South Africa: All Part of the Game

2 minute read
TIME

There are several things rather remarkable about South African Golfer Sewsunker Sewgolum. One, of course, is his name, which comes from his Indian forebears. The second is his unorthodox, cross-wristed golf grip (he puts his left hand under his right). And the third is the fact that he can even play golf at all in a land where, by law, whites share the game only with whites, and nonwhites with nonwhites. Last week Sewgolum found himself the center of one of the most ludicrous episodes in the history of the sport—but about par for Prime Minister Hendrik Verwoerd’s apartheid course.

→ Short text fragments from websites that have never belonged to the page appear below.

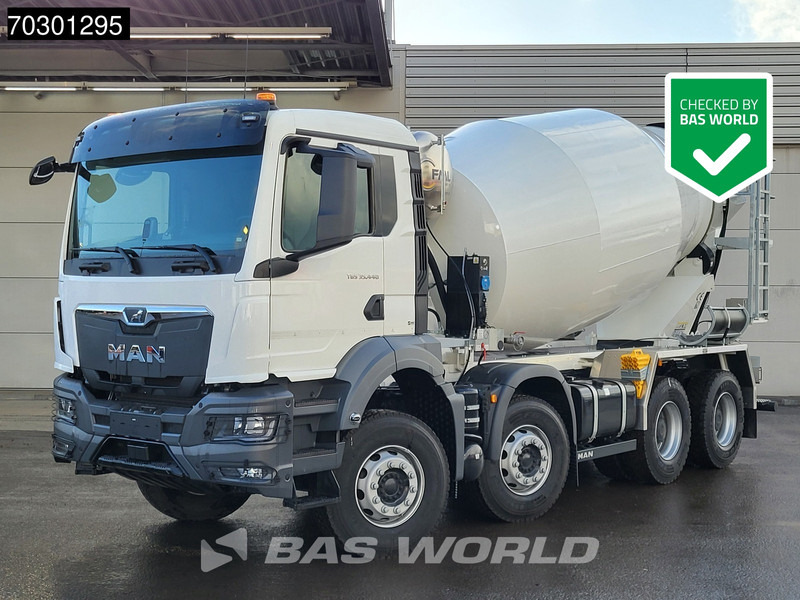 MAN 35.440 8X4 NEW! 10m3 mixer Steelsuspension Automatic Euro 6 - Betonbil: billede 1 MAN 35.440 8X4 NEW! 10m3 mixer Steelsuspension Automatic Euro 6 - Betonbil: billede 1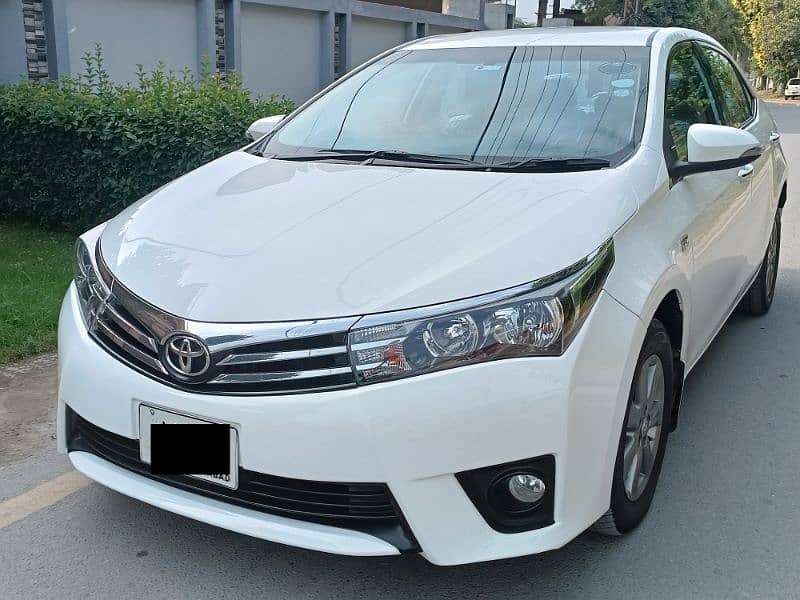 2016 Toyota Corolla Altis CVT-i 1.8 Cruisetronic Untouch 0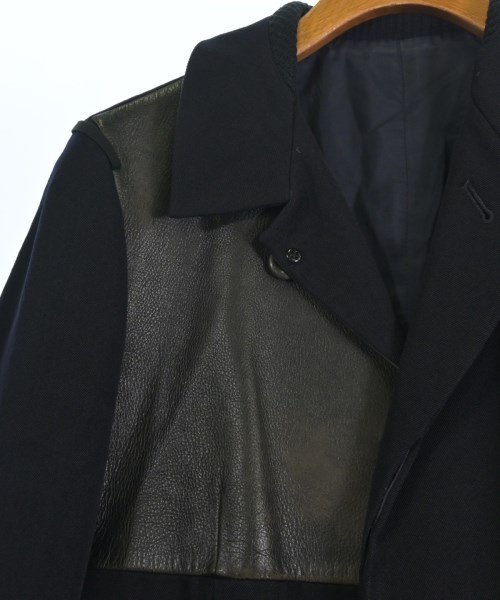 Yohji Yamamoto（ヨウジヤマモト）テーラードジャケット 紺 サイズ:2(S位) レディース/2200722610022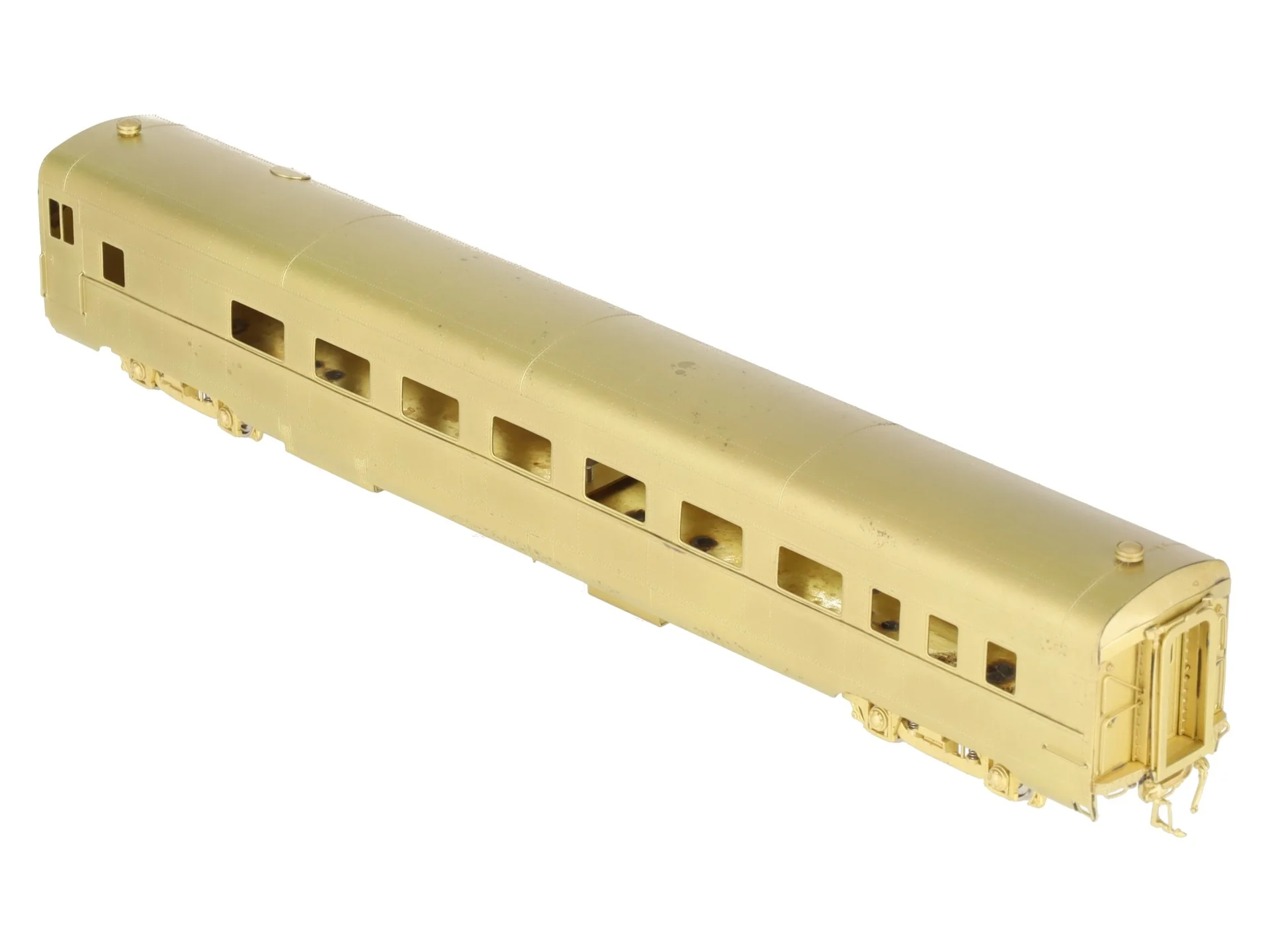 Custom NJ Brass 717F HO BRASS PRR P-70KR Coach Car EX/Box - Image 9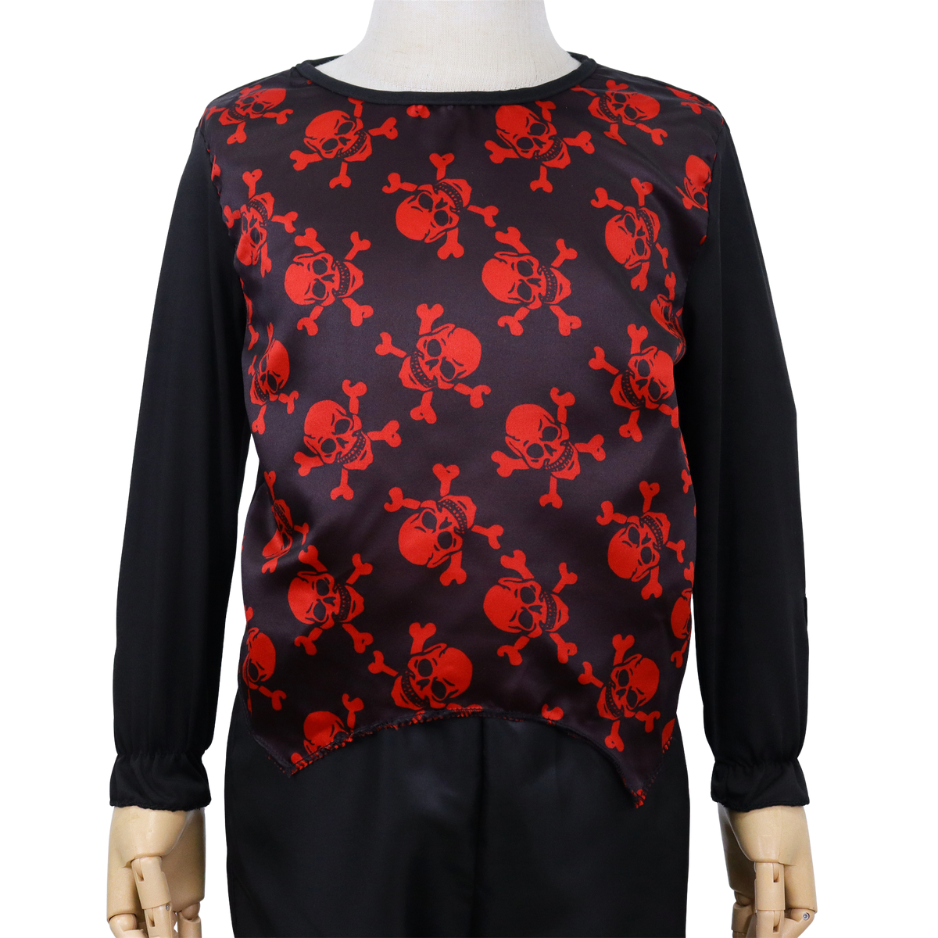 Vampier kostuum Jongens met Duivelsoren en Cape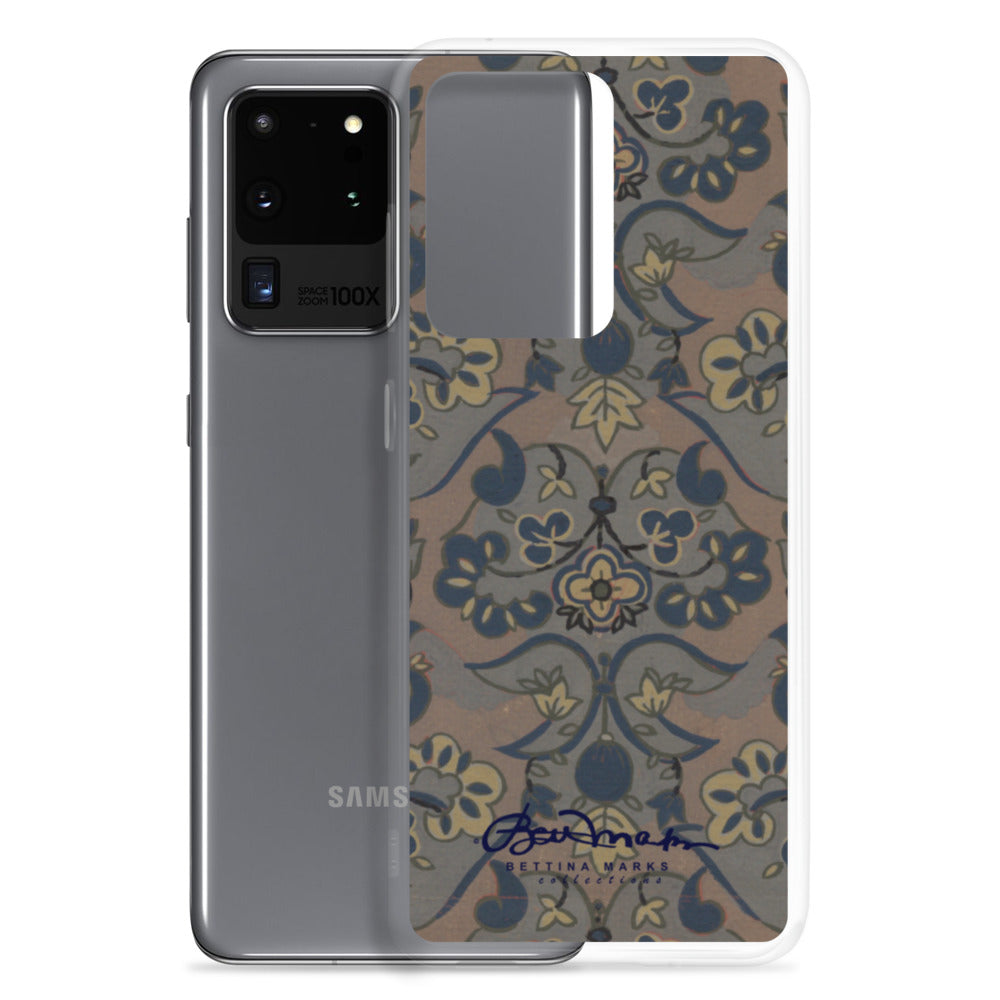 Not Quite Paisley On Light Brown Samsung Case (select model)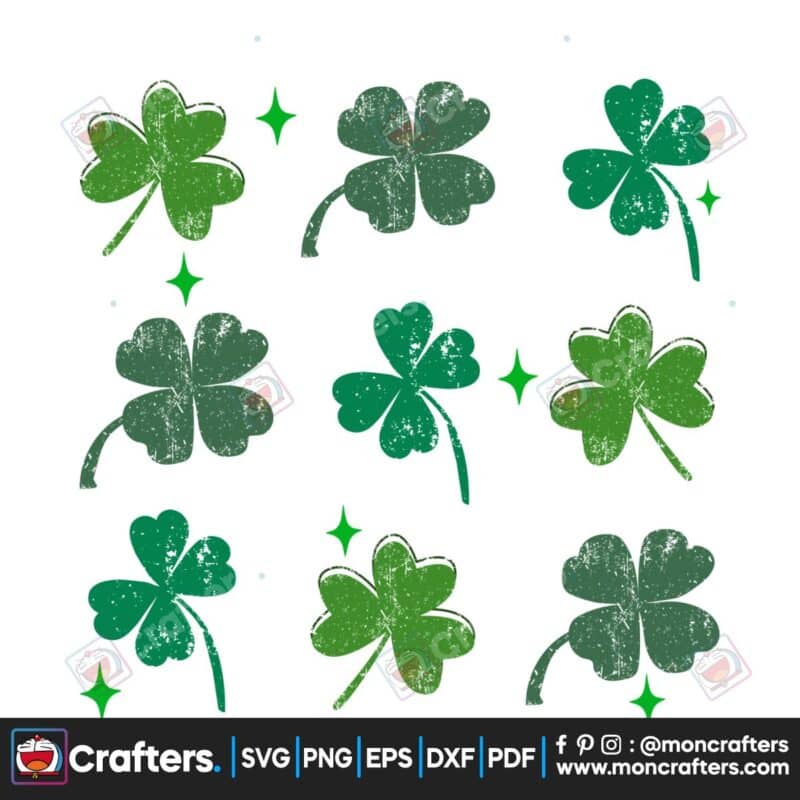 shamrock-clover-stacked-distressed-png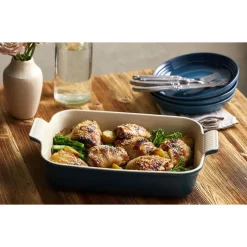 19x13 cm - Le Creuset Tradition Pirofila Rettangolare In Gres Vetrificato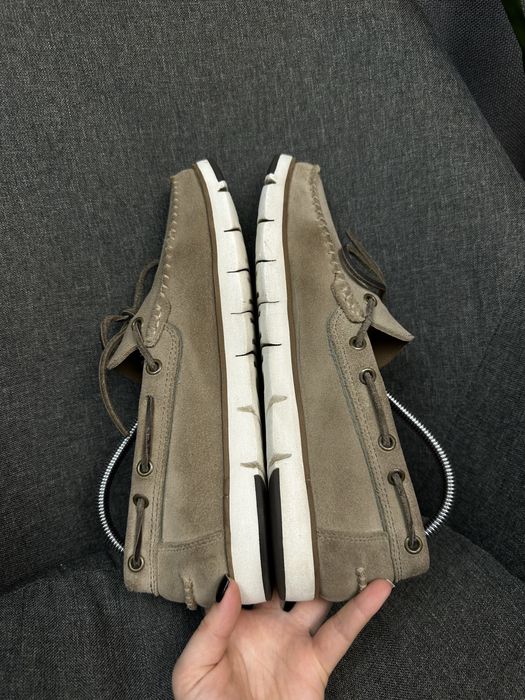 Фірмові шкіряні туфлі топсайдери мокасини geox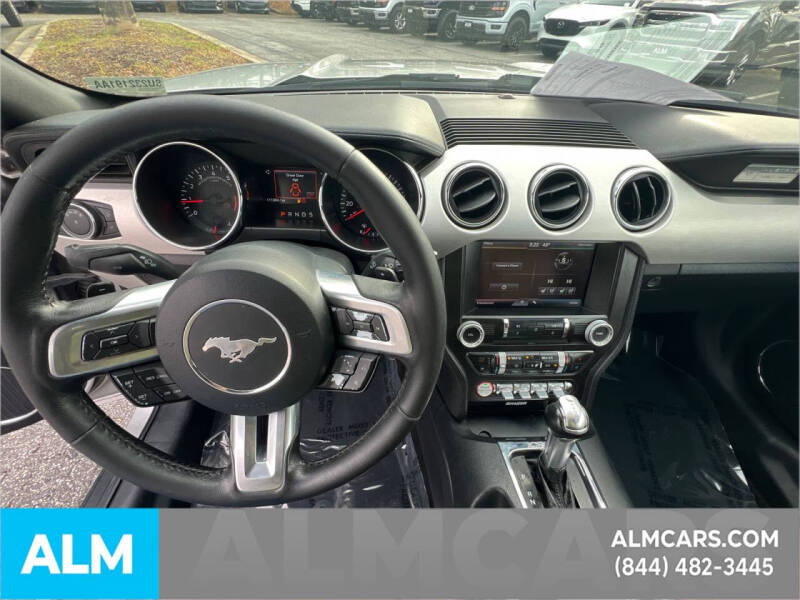 2015 Ford Mustang EcoBoost Premium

It all started in the first round of the South African P.G.A. tournament at Germiston, when both Sewgolum and South Africa’s U.S. Open Champion Gary Player drew heavy galleries of whites and nonwhites. Police tried to chase off the nonwhites but got nowhere. So, as the second round opened the next day, the government hauled out its trusty racial iron and took a hefty swing. Police enforced tighter separation of the crowds, posted two agents with Sewgolum to keep the whites at a safe distance, and summarily banned Sewgolum from any further tournaments after the South African P.G.A., including the Natal Open, which he won last year. If Player was bothered by such unsportsmanlike treatment, he did not show it. “I play golf,” he remarked. “I don’t meddle in politics.” In South Africa, they are apparently one and the same game.